The exploration step in choosing a career or searching for work has been made much easier by computers and online search engines. However, meeting people in person is just as important as internet research. Connect with people doing the job you want and ask for an "informational interview".

Also explore training programs that could prepare you for a new job or help you update your skills to be a more competitive job seeker.

Business Listings

Search online to study jobs, various industries, and local labor market conditions that match your current skills. Search engines are useful to find employers’ websites and other information that helps you learn about industries you want to work in.

Labor Market Information

Job seekers must stay on top of the news to be first in line for the next wave of hiring. For example, becoming familiar with Labor Market Information, or LMI, will help you stay informed and may give you an advantage over other job seekers.

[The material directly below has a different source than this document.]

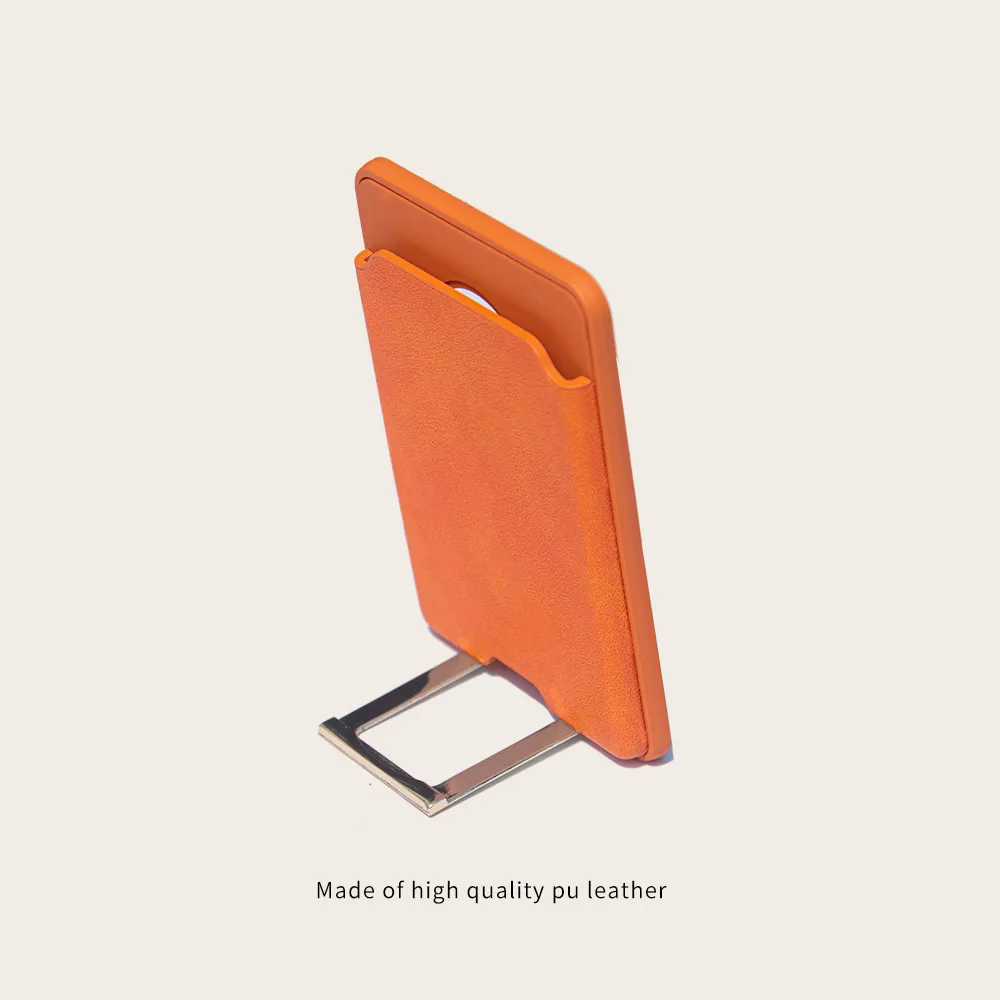 Glue sticker luxury phone accessories leather magnetic card holder wallet with stand for phone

Various online resources will help you understand LMI including the local occupational outlook, as well as trends across occupations and industries.

Occupational Research

Learn about the job(s) you are interested in, and talk to people who are doing the job(s) to get a different perspective. Ask questions and spend time job shadowing to see if you would like the work as much as you think you would. Searching online and watching videos about jobs can also be helpful.

Salary Information

When making a career decision, money is an important consideration. You must determine how (italic) important based on your financial commitments and your goals. Occupational guides and many web sites list expected salaries for jobs.